Ryanair vows to take off if politicians fail to cut passenger tax
Ryanair has warned it will grow its airline elsewhere if Stormont fails to reconvene and address the burden of air passenger duty (APD).
Kenny Jacobs, chief marketing officer of the budget airline, said the £13 tax levy on every passenger was unfairly impacting on regions like Northern Ireland and "creates an economic hindrance".
It comes after the airline announced it would begin a twice daily Belfast to Manchester service from October, bringing its destinations from Belfast to 13, with two more routes available from the City of Derry Airport. It offers 15 routes over the summer season direct from Belfast.

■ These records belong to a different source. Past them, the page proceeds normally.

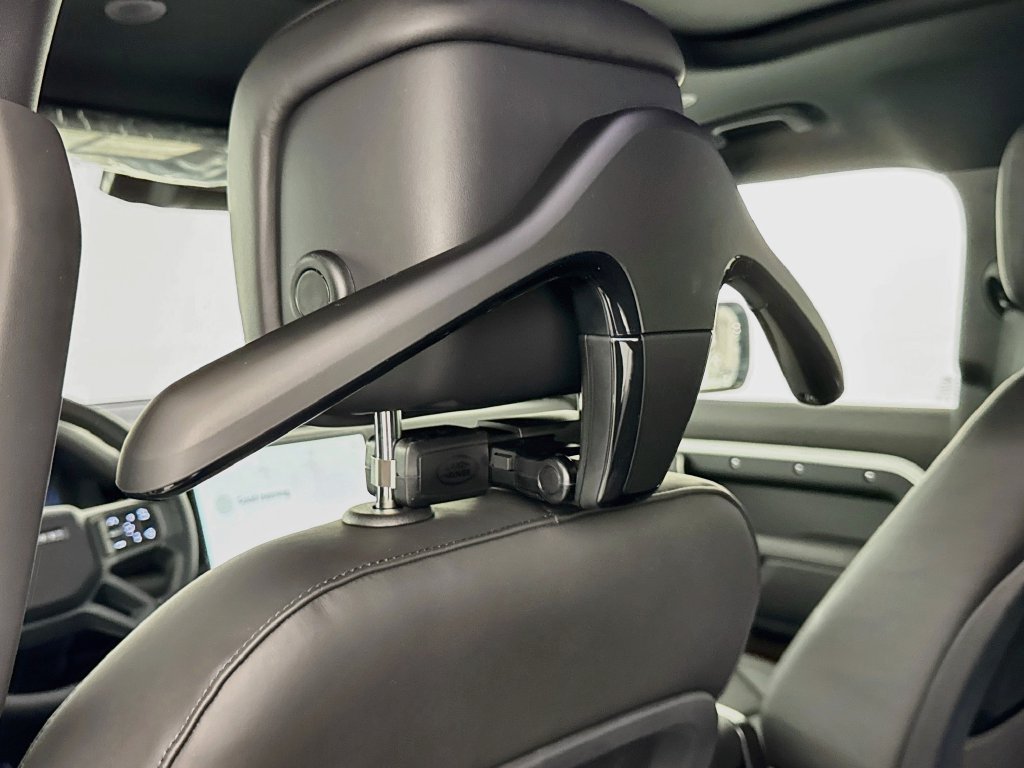 New 2026 Fuji White Land Rover X-Dynamic SE image 25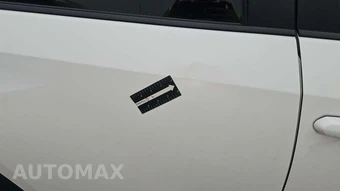 2025 Toyota RAV4 LE - miniatura 26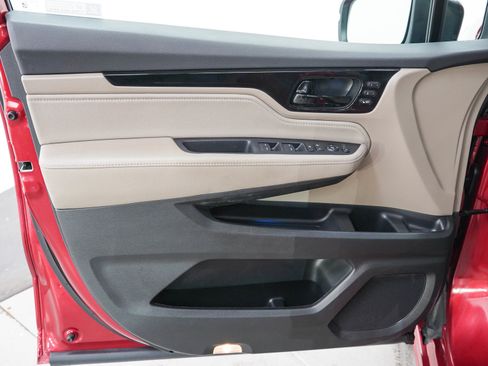 Used 2023 Honda Odyssey Touring image 21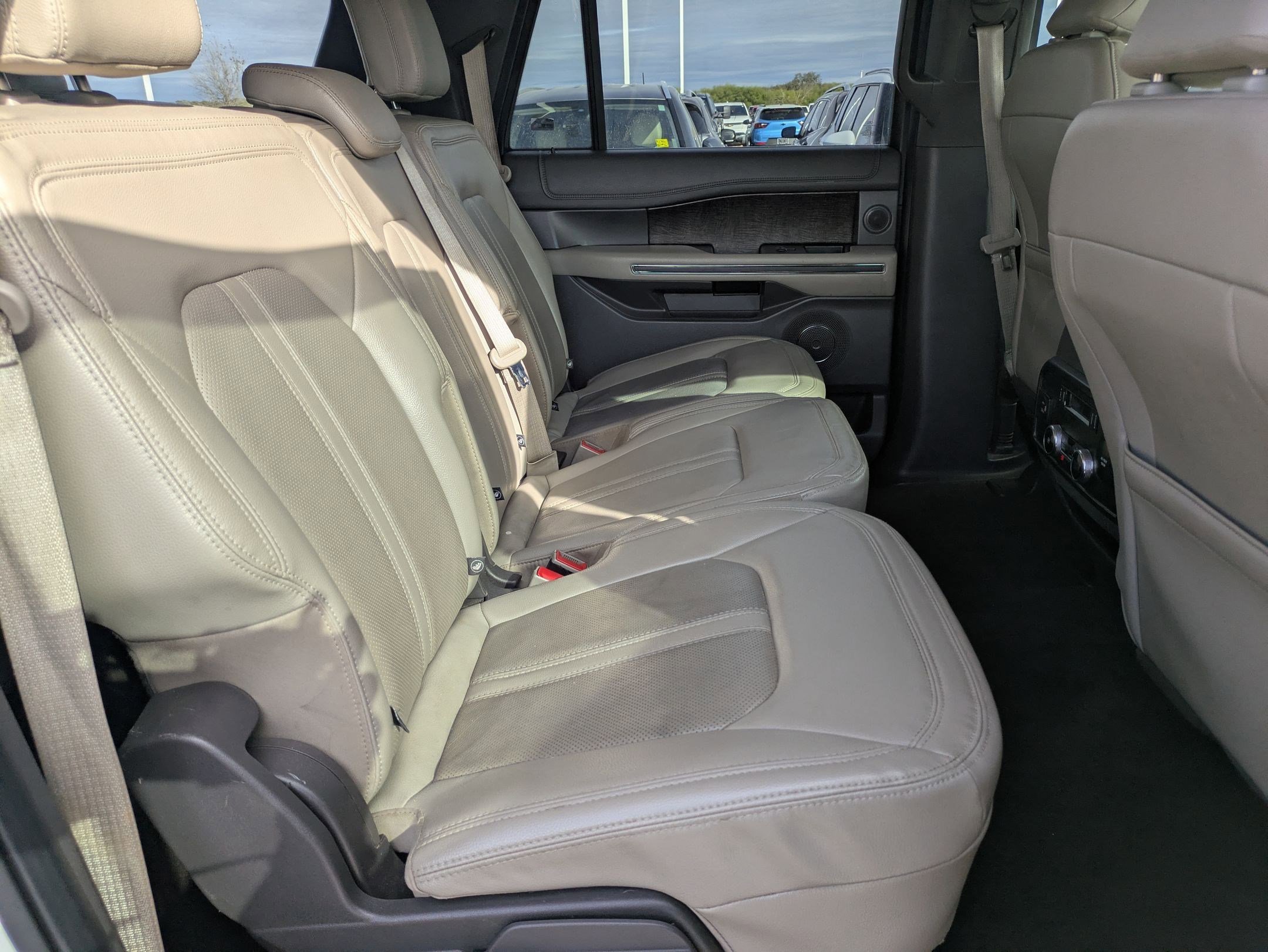Used 2021 Ford Expedition Max Limited image 25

APD means passengers on short haul flights flying in or out of Belfast and Londonderry must pay around an extra £13.
Critics of the duty claim that it is causing a reduction in the number of potential passengers.
It was axed in the Republic of Ireland in 2014.
Mr Jacobs said: "Travel tax is not good for growth. On every UK flight £13 is added. That is more than a third of the price of our average fare.
"Our growth here has been flat and we would like it to be more significant but that won't happen until APD is looked at."
He said the lack of devolved government here was impacting on the growth of tourism and the economy because ministers could not address the issue.
In Scotland MSPs voted last year in favour of reducing APD, with the hope of scrapping the tax altogether.
"The evidence is there. When tax was removed in Dublin we had double digit growth. There was a strong increase in tourist numbers and if it was removed here there would be an instant boost in jobs and tourism would grow," Mr Jacobs said.
"Research from PwC states if APD is cut it would boost Northern Ireland's GDP by 0.5%."
Ryanair supports 715 on-site jobs in Belfast and 110 at City of Derry. Annually it transports 955,000 passengers through Belfast and 145,000 from Derry.
Mr Jacobs said: "It's a big inconvenience that we can't discuss it in Stormont and what we will say is we will grow elsewhere, where there is no tax. APD is an economic hindrance to growth in Northern Ireland."
Mr Jacobs said Brexit would also pose issues for the airline but urged Stormont to address what "we know is already holding back growth".
"There is uncertainty surrounding Brexit and we will need more than three years to get systems in place, so in the meantime Northern Ireland should be doing everything to boost the economy that it can," he added.